Desnudo de la leyenda, despojado de una mano furtiva y una jugada irreal, el partido que enfrentó a las selecciones de Inglaterra y Argentina el 22 de junio de 1986 en el Estadio Azteca, en los cuartos de final del Mundial de México, fue de una vulgaridad sin par.
Poco importa. Cuatro minutos de ese día condensan la carrera y la vida de Diego Armando Maradona. Los 50 primeros minutos del choque solo sirven de preludio insípido, tan pesado como la atmósfera recalentada de aquel mediodía mexicano, a la secuencia más inolvidable de la historia del fútbol.
Y el final, todo lo que sucedió a partir del GOL, es solo el epílogo agónico que permitirá a los ingleses seguir lamentando durante décadas qué pudo haber sido de ellos si ese chaparrito no se hubiera cruzado en su camino.
El temido Lineker, que llegaba a los cuartos como una locomotora, no olía el balón.
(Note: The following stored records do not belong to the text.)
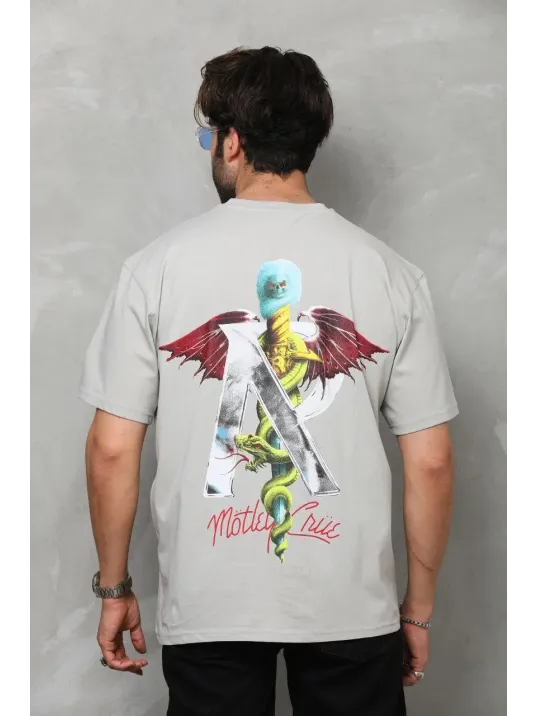 Unisex Bisiklet Yaka Baskılı Oversize T-Shirt - Gri Unisex Bisiklet Yaka Baskılı Oversize T-Shirt - Gri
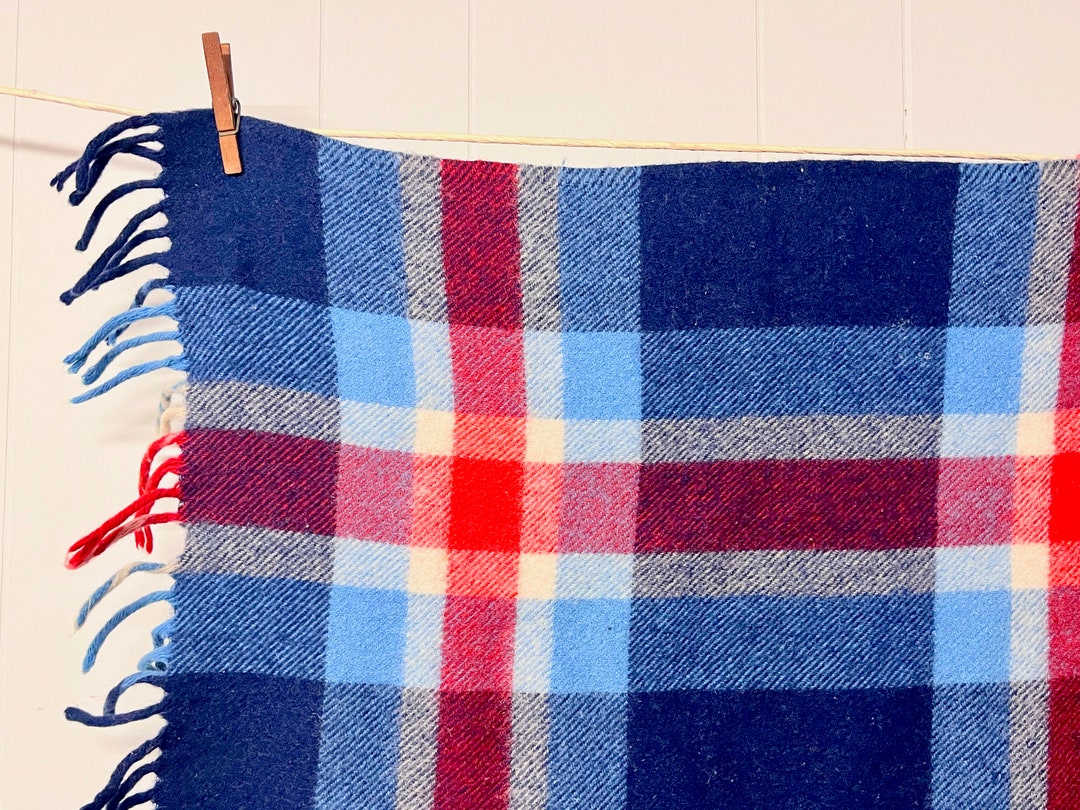 1960s Wool Plaid Blanket, Red White Blue Vintage Throw With Twisted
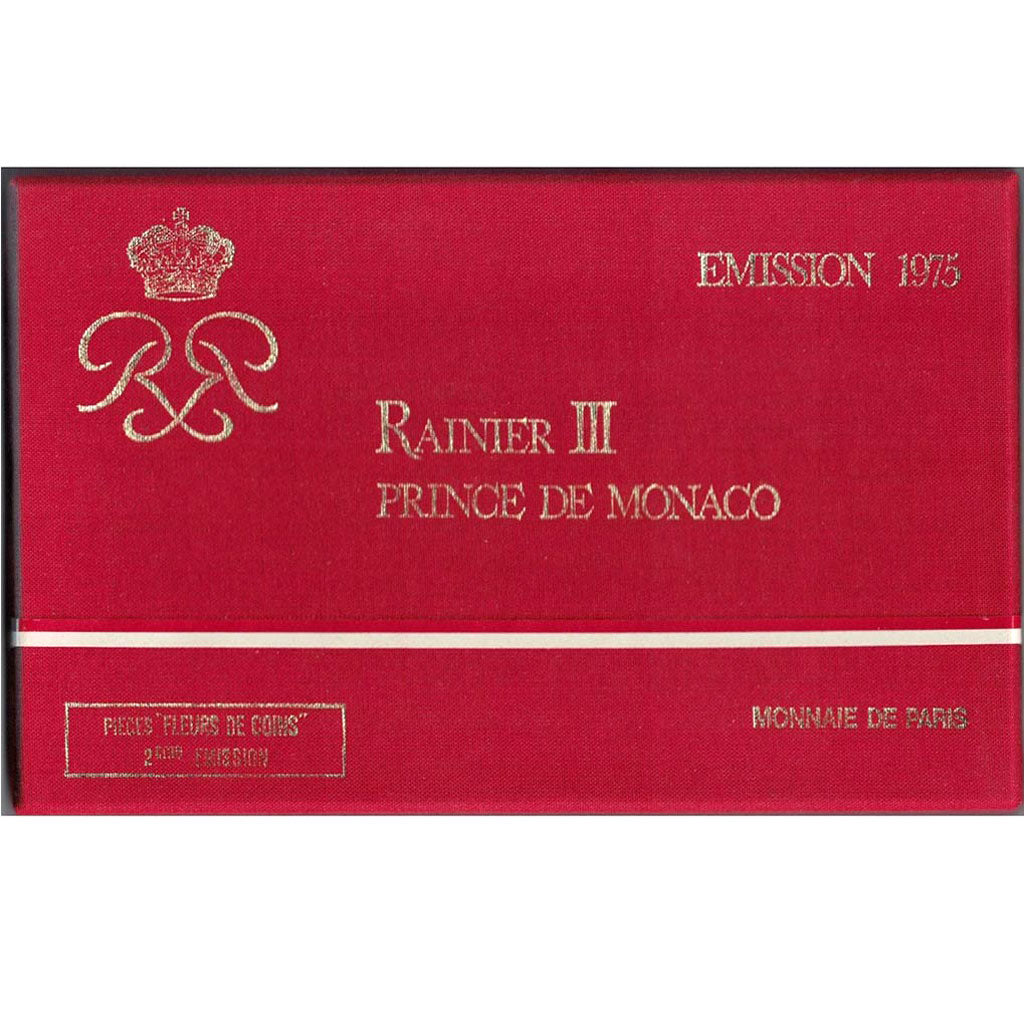 Coin, Monaco, Set, 1975, MS(65-70), Cupro-nickel Aluminium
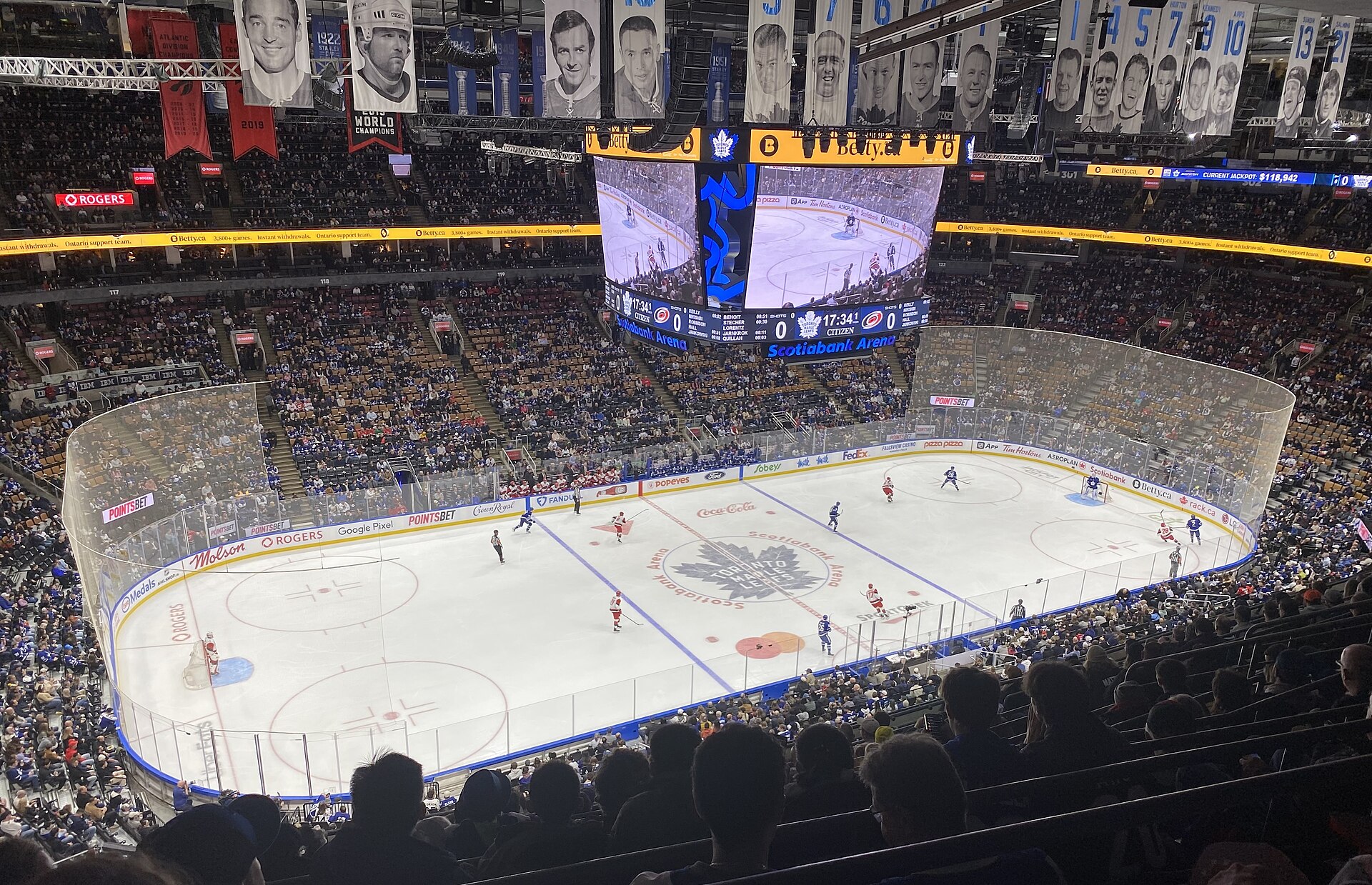 Scotiabank Arena during a Toronto Maple Leafs game in March 2026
El centro del campo inglés, dirigido por Hoddle, no conseguía imponerse frente a unos argentinos que, todo sea dicho, tampoco despertaban gran temor en el marco de Peter Shilton.
El legendario locutor Víctor Hugo Morales, quien solo minutos más tarde inmortalizaría al “barrilete cósmico”, se desesperaba con las imprecisiones de Valdano con la pelota. Todo sucedía al ritmo plomizo del fútbol ochentero, difícil de digerir si se compara con el frenesí actual.
Solo Maradona, siempre vertical, aportaba sus gambetas al encuentro, un poco de picante al que apenas Burruchaga parecía sumarse.